Target Your Market Like a Great White Hunter Chasing a Big Elephant
When you are a young, less experienced and more foolish writer, there is a tendency to fire-off submissions prolifically and blindly without knowing anything about a literary publication. Of course, what happens is you (more often than not) get a proportionally higher number of rejections than acceptances. Now this could be because you’re not a very good writer, but more likely it’s because you didn’t bother researching your marketplace other than knowing the name of the publication and the address.
I know I did this myself when I was a teenager. I’d submit my work anywhere that would read an unsolicited submission. Some of those magazines where simply out of my league. Others published material completely different from what I was writing. In those early years, while I would occasionally garner an acceptance, I mostly got rejected.
Was it because I was a bad writer? No (Well … I’d like to think it was mostly “no”) — it was because I didn’t know anything about the vast majority of the places I sent my stuff to.

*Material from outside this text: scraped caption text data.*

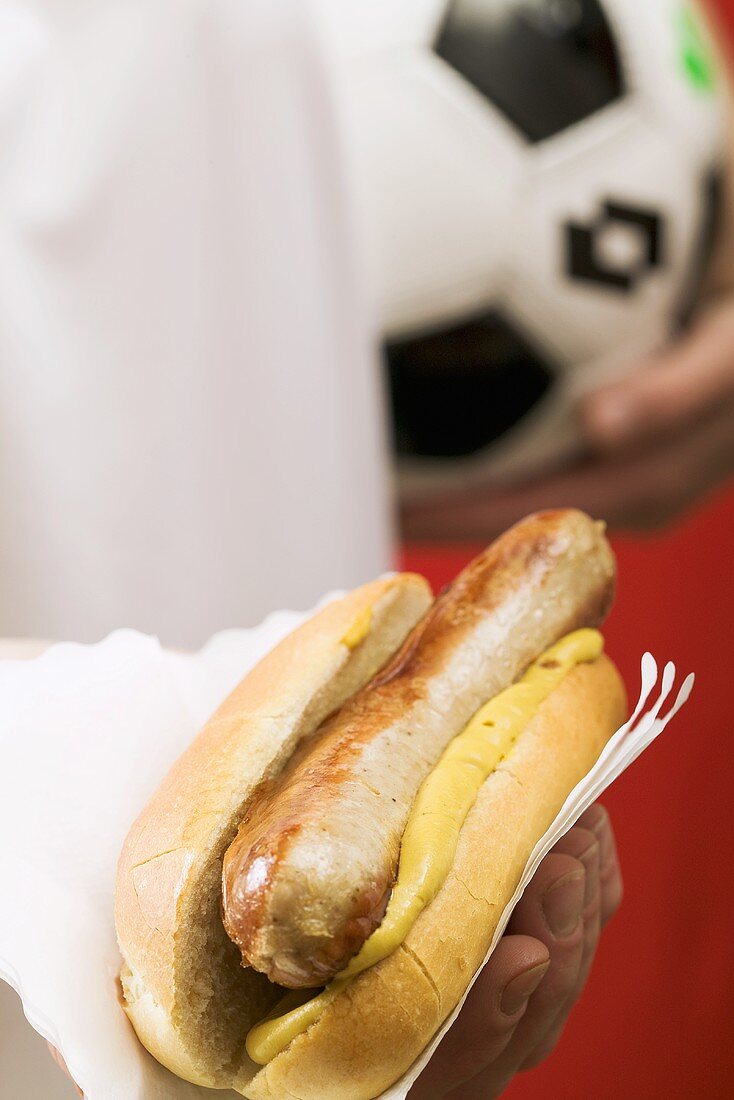 Footballer holding hot dog (sausage & mustard in bread roll)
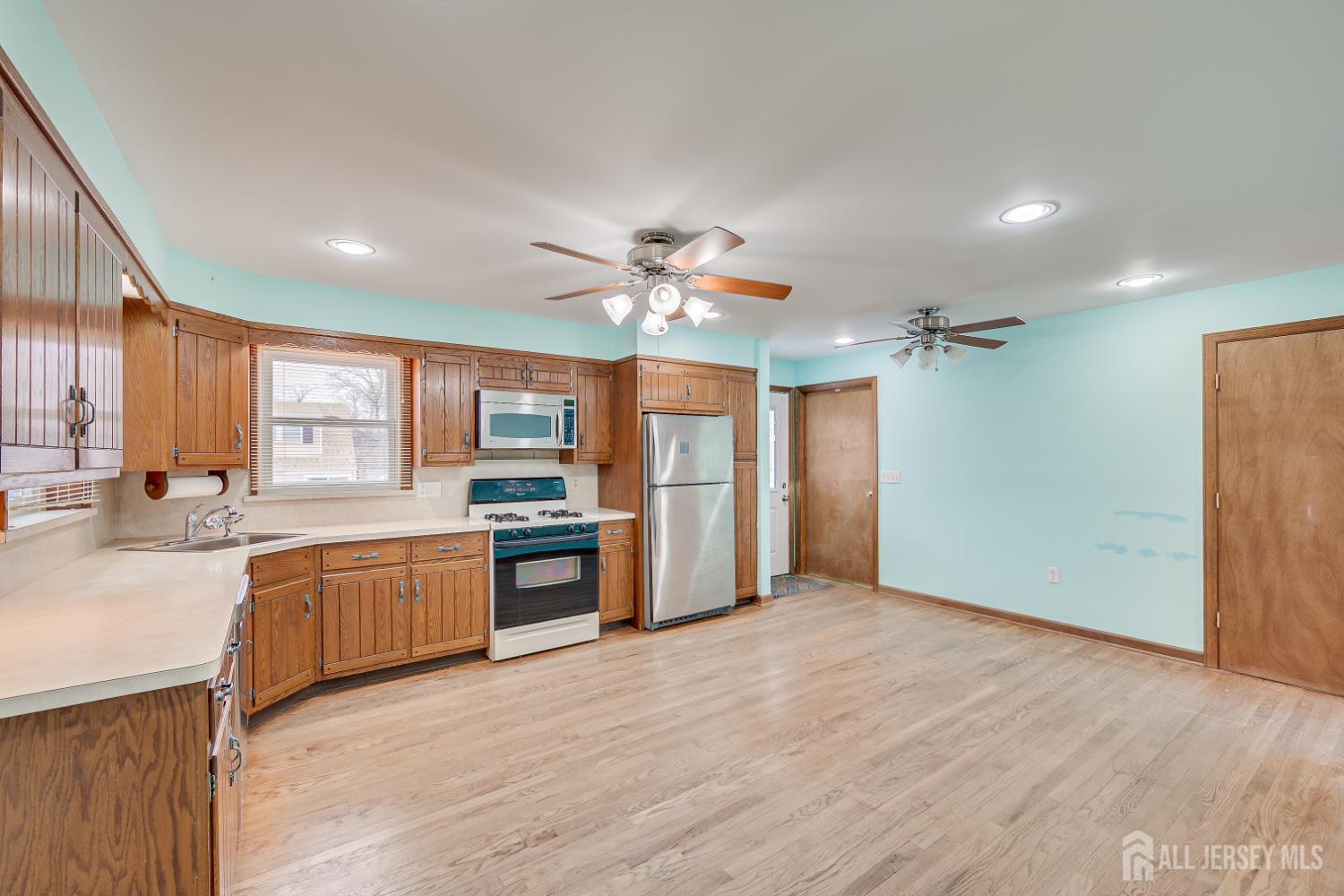 20 Longfield Road New Brunswick, NJ 08901 - Photo 14 of 32 a view of a kitchen center island wooden floor and stainless steel appliances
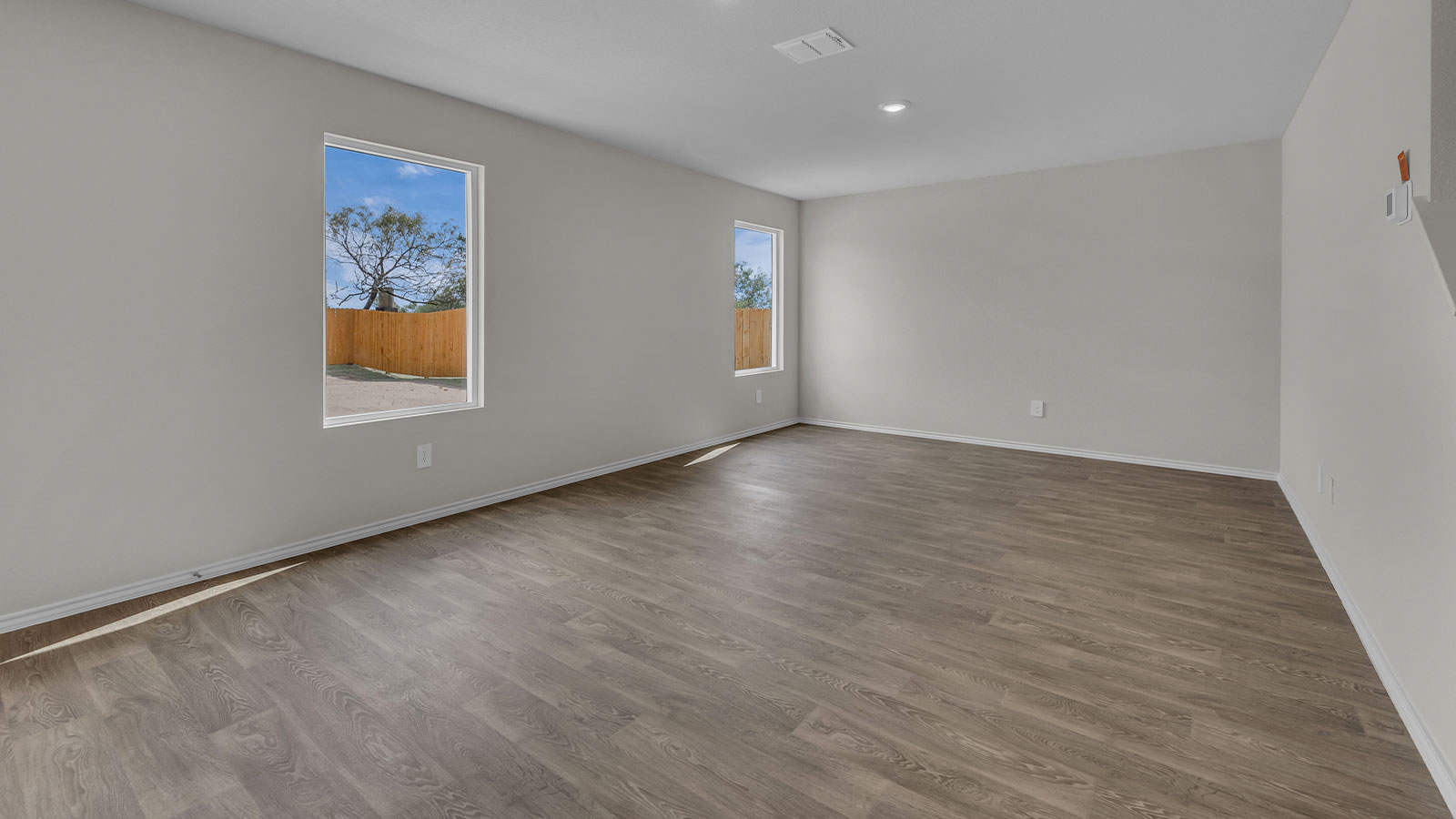 Dining room and living room with vinyl flooring and two windows.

One day, I was fortunate enough to get a personal note from an editor who articulated the point to me that I was rejected because my piece was inappropriate for the magazine’s audience. It was a valuable lesson.
I’m not saying that you should necessarily tailor your writing to a specific publication. I am saying that you should know enough about the marketplace to be aware of the places tailor-made for your own writing.
For example if you happen to like to write poems about wall fountains (I’m thinking of “A Baroque Wall-Fountain in the Villa Sciarra” by Richard Wilbur), and you send it to a publication that only likes poems about garden fountains, you may not have much luck.
Okay, that’s an extreme example, but you see my point, don’t you? The literary marketplace has become very specialized to a large degree. Material that would be seriously considered for The Kenyon Review would be scoffed at over at Zygote in My Coffee and vica versa. And if you write sappy greeting card verse both of those publications would snicker at you and send your a big fat rejection slip to add to your collection.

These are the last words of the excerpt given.